Identifying potential hazardous trees before next storm
High winds and heavy rains from Tuesday night toppled and broke trees throughout Mid-Missouri, causing damage to homes, neighborhoods and power lines.
And arborists said these loose or hanging branches could pose a threat and need to be cleaned up before the next storm.
ABC 17 News talked to crews about how to identify potentially dangerous trees that could be susceptible to falling or breaking in another storm.
Joey Busker has been an arborist with Hentges Tree Services for 15 years and offered some ideas.
"Any cracking, any signs of decay at the bottom of the tree, or any insects would give signs that the tree could be weak," Busker said.
And sometimes, the signs pop up as the tree grows.
"Any tree that doesn't come up in one stem but in double stems typically fails," he said. "When wind or ice hit a tree like that, one side or the other will fall off."

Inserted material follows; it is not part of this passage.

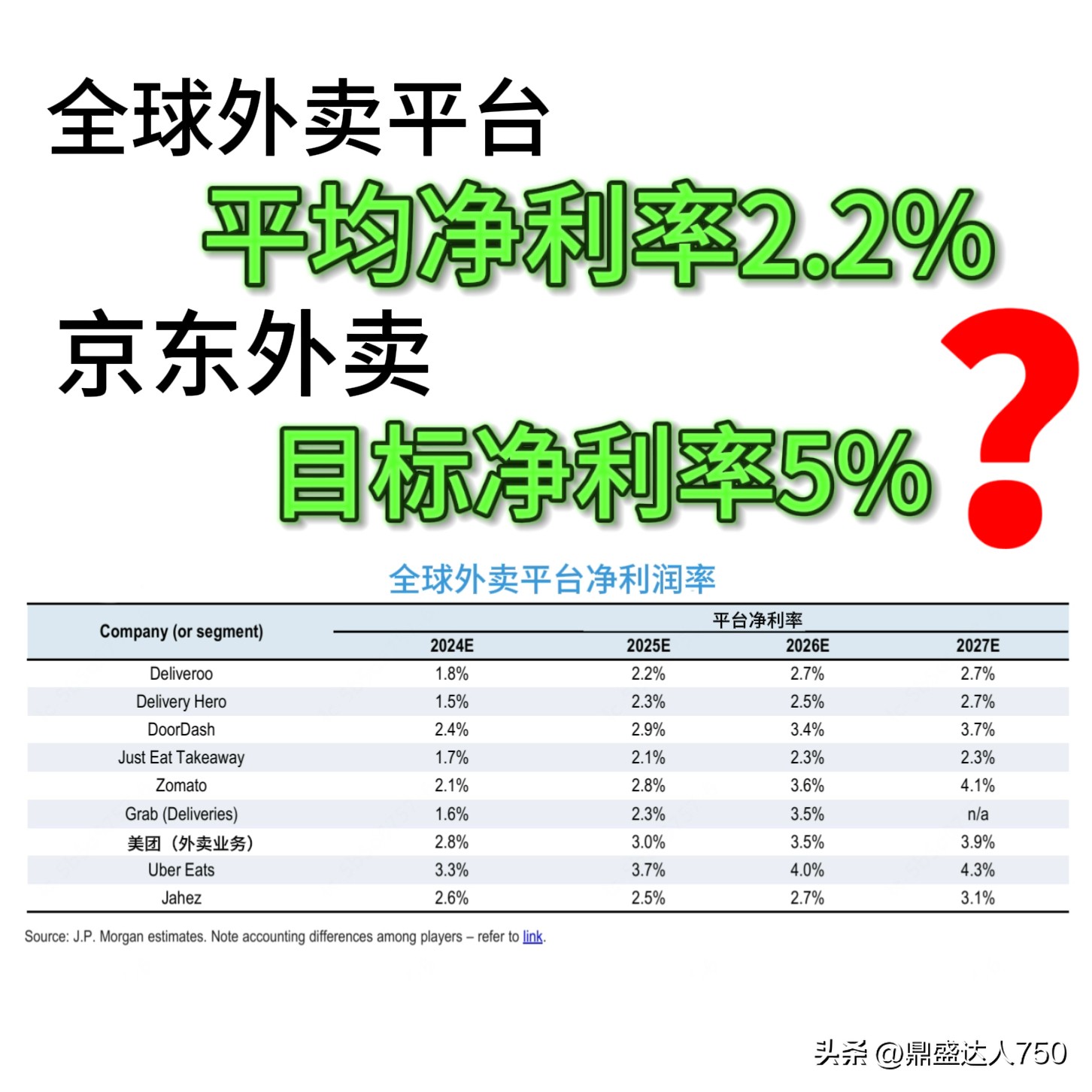 易出评：商家抱怨外卖平台抽成，反思能否适应新规则？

He also said to check for fungus, toadstools, or hollows in the tree - which are all good indications something is going wrong inside the tree.
But some trees are just more susceptible to break or fall just by nature.
"Typically after a wind we'll get several calls about Bradford Pears. Your Softwood trees, Maples, and Sweet Gums are softer, meaning more likely to fail," Busker said.
Busker recommends getting any questionable trees inspected before this weekend, when the next round of storms could be heading to this area.